Aim of the exercise: From the line that holds "Official Indie Merch" to the last line below, retype everything exactly and nothing else; omit pictures.

════════════════

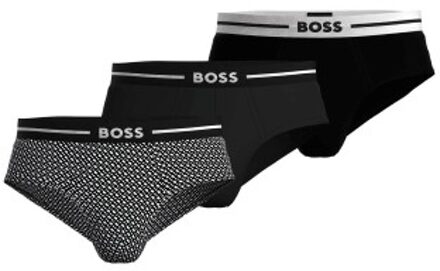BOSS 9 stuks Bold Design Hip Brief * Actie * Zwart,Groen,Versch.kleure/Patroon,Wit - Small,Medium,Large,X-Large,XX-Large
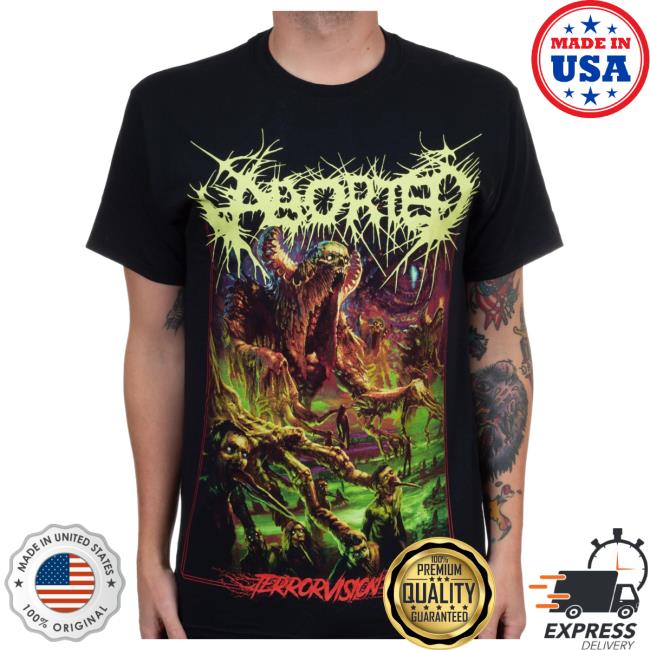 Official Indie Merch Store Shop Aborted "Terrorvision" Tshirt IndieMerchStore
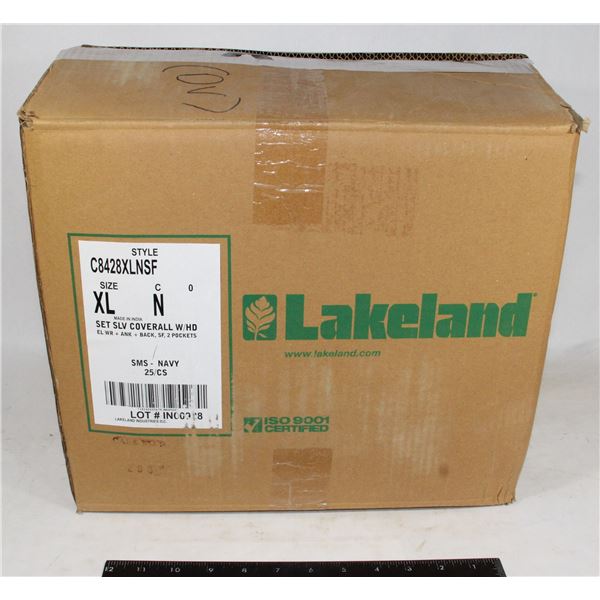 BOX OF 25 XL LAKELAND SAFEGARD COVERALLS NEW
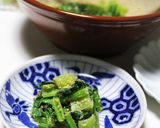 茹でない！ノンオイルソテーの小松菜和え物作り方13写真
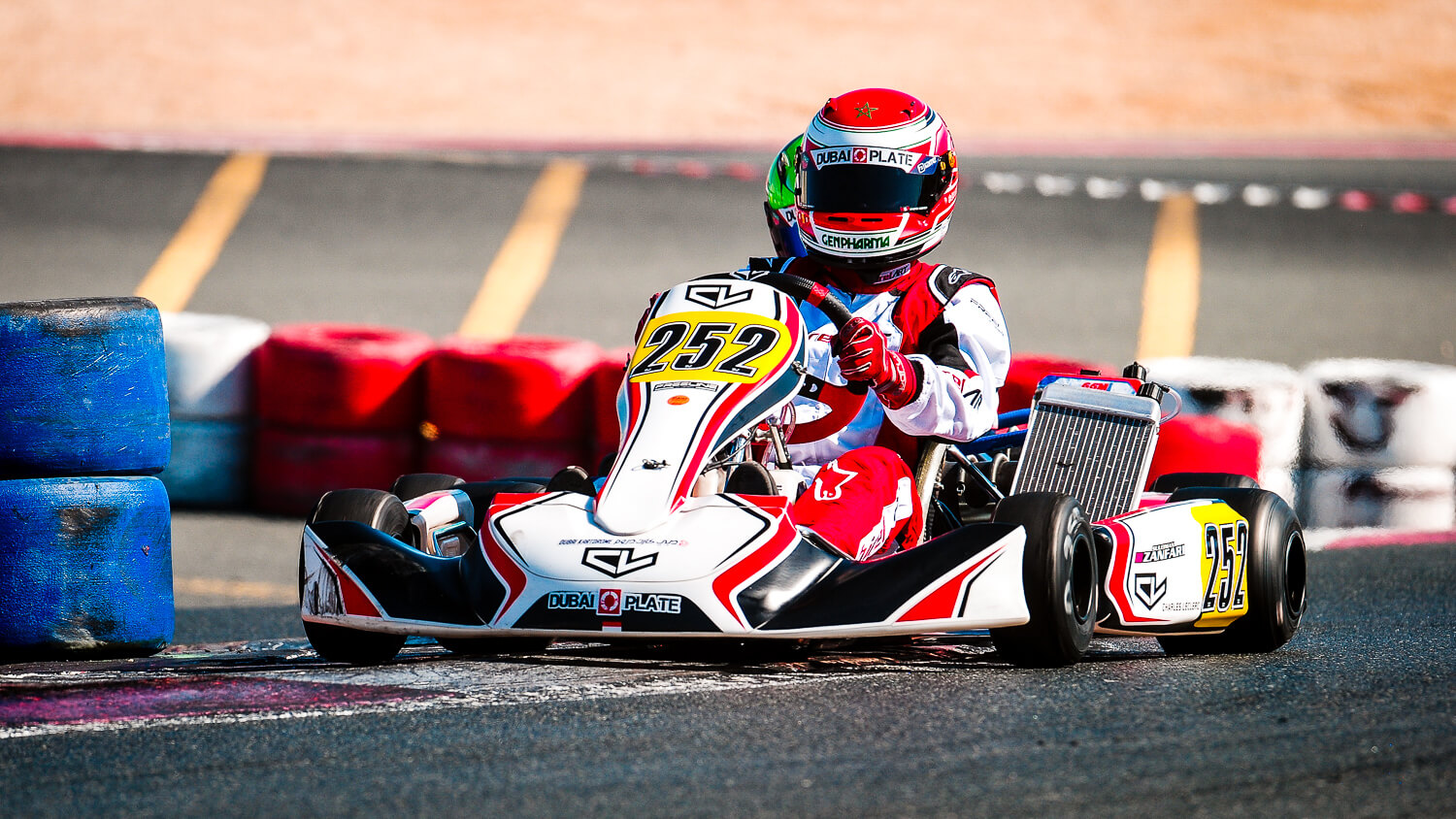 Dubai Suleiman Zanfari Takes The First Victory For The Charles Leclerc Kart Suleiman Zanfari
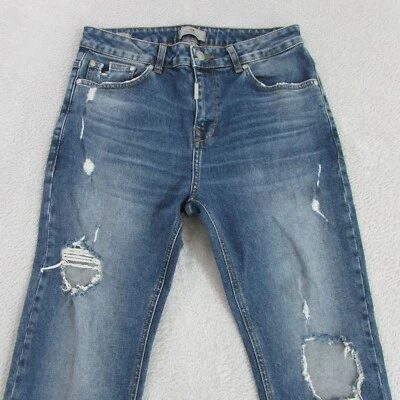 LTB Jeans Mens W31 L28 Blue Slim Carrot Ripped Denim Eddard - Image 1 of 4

════════════════

Answer area:
 Official Indie Merch Store Shop Aborted "Terrorvision" Tshirt IndieMerchStore
 BOX OF 25 XL LAKELAND SAFEGARD COVERALLS NEW
 茹でない！ノンオイルソテーの小松菜和え物作り方13写真
 Dubai Suleiman Zanfari Takes The First Victory For The Charles Leclerc Kart Suleiman Zanfari
 LTB Jeans Mens W31 L28 Blue Slim Carrot Ripped Denim Eddard - Image 1 of 4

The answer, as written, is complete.